Under Fed.R.Civ.P. 59(a), “[a] verdict may be set aside and new trial ordered when the verdict is against the clear weight of the evidence, or is based upon evidence which is false, or will result in a clear miscarriage of justice.” Ahern v. Scholz, 85 F.3d 774, 780 (1st Cir.1996) (internal quotation marks and citations omitted). We review the court’s denial of a motion for a new trial under Rule 59(a) for abuse of discretion. See Valentin-Almeyda v. Municipality of Aguadilla, 447 F.3d 85, 103-104 (1st Cir.2006).

A. Defense witnesses’ allegedly perjured testimony

Officer Sein’s affidavit stated that Officer Ortiz, not Officer Sein, interviewed the defense witnesses. The affidavit directly contradicted the' testimony of the defense witnesses. Yet the district court rejected the plaintiffs argument that Officer Sein’s affidavit required a new trial. Specifically, the district court found that Colón had not been duly diligent in obtaining the evidence of perjury and that, in any event, there was ample evidence to support the verdict:

*36There is no evidence that the affidavit could not have been obtained earlier had plaintiff been properly diligent. The existence of this witness was known to the plaintiff for months; Officer Sein was even announced by defendant and later put at plaintiffs disposition at trial. If plaintiff chose not to call Officer Sein as a rebuttal witness that was a choice she waived. She cannot now be heard to claim that the alleged testimony of this witness, through an affidavit, is so new and so material that it would change the outcome of the trial, inasmuch as she did not attempt to bring his testimony forth during trial. In any event, even if Officer Sein had testified at trial, his testimony would have been cumulative to plaintiffs own testimony, or as impeachment to defendants’ testimony. Therefore, ultimately, this alleged new evidence would not have produced a different outcome at trial. There was more than sufficient evidence to support the jury’s verdict.
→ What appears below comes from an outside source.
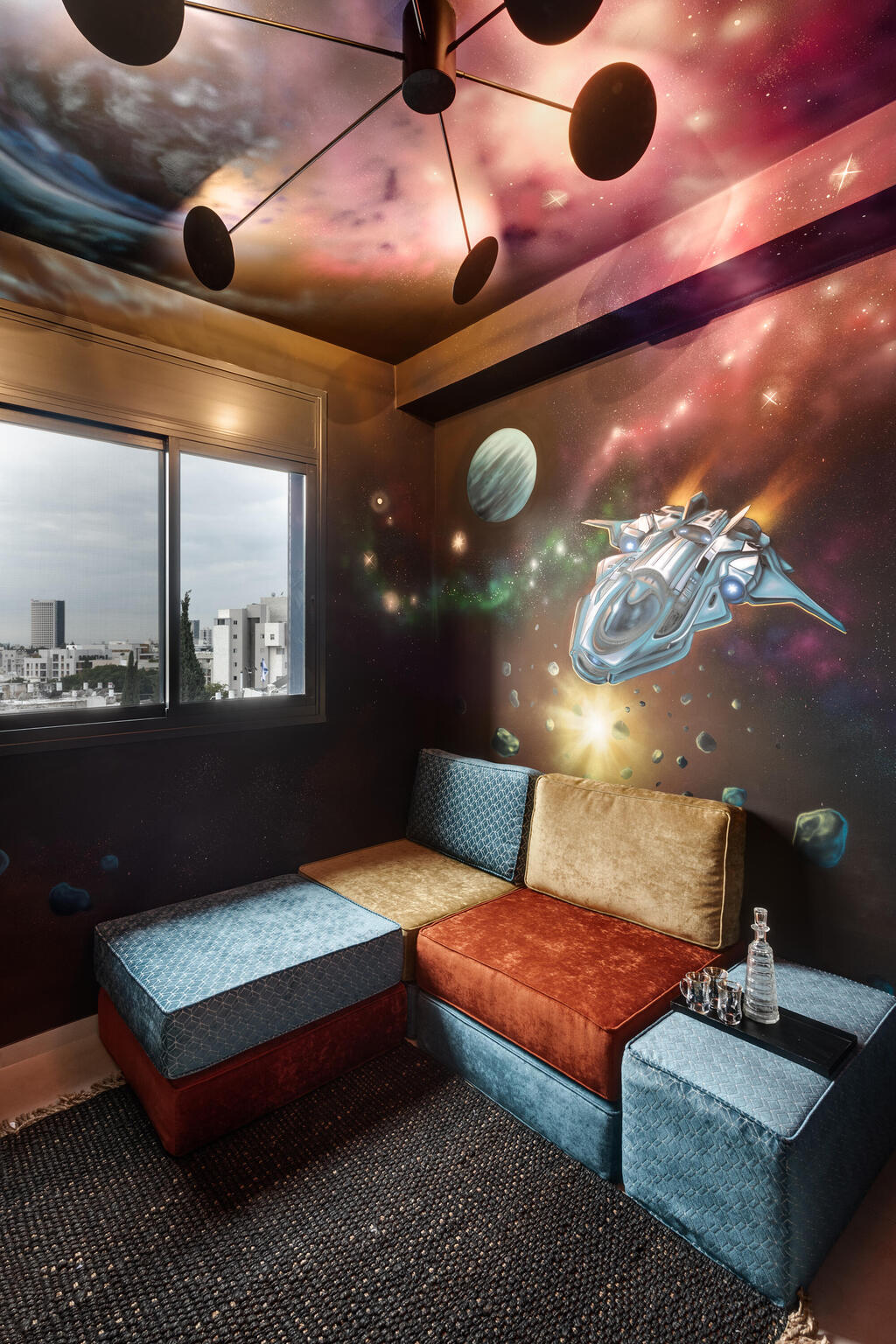 A solar system-inspired light fixture (Photo: Oded Smadar) דירה להייטקיסט חובב מדע וחלל, עיצוב: יעל שביט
The Court finds that the jury’s verdict was reasonable and that it was based on ample evidence brought forth during trial.

Colón-Millín v. Sears, No. 00-1213, slip op. at *3-4 (D.P.R. Mar. 11, 2005).
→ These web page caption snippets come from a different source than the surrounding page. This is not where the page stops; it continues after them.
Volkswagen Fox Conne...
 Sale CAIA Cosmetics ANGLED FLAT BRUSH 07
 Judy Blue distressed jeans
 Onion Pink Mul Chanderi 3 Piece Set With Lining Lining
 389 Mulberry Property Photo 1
On appeal, Colón argues that the district court wrongly construed her motion for a new trial as one based on “newly discovered evidence” and thus improperly required a finding of due diligence to explain why the information had not been introduced at trial.4 According to the plaintiff, “[t]he reason the affidavit was not obtained before the trial took place was not due to availability. It was not procured because Officer Sein’s role at the scene of the accident, and after, was not in dispute on the eve of trial.” In other words, the plaintiff argues that the defendants misled her to believe that the fact that Officer Ortiz interviewed the witnesses was uncontested. By doing so, the defendants concealed a key aspect of their defense theory — that Officer Ortiz did not conduct the investigation at all. The purpose of this perjured testimony, according to the plaintiff, was to “efface all evidentiary weight to Officer Ortiz’s testimony and the police report, which were central to Appellant’s case” and to “support[ ] the fabrication of a ‘witness’ [Sierra] who happened to be at the sidewalk that day, a Sears employee nonetheless.”

There is some merit to the plaintiffs contention that the district court wrongly construed her motion as one based on “newly discovered evidence,” and thus improperly required a showing of due diligence to explain why the evidence was not “discovered” prior to trial. Given the nature of the plaintiffs arguments, her motion is best construed as a request for a new trial on the basis of fraudulent and unexpected testimony. Thus, we must determine whether, under the standards applicable to a motion made on that basis, the district court abused its discretion in *37denying the plaintiffs motion for a new trial.

1. Fraud

We cannot conclude that Officer Seiris affidavit constitutes evidence of fraud sufficient to merit a new trial. The burden on the moving party to prove fraud is high:

[The moving party] must clear a high hurdle in order to set aside the verdict based on their allegations of fraud. The moving party must demonstrate fraud by clear and convincing evidence and must show that the fraud foreclosed full and fair preparation or presentation of its case. We have explained that fraud on the court occurs[] where it can be demonstrated, clearly and convincingly, that a party has sentiently set in motion some unconscionable scheme calculated to interfere with the judicial system’s ability impartially to adjudicate a matter by improperly influencing the trier or unfairly hampering the presentation of the opposing party’s claim or defense.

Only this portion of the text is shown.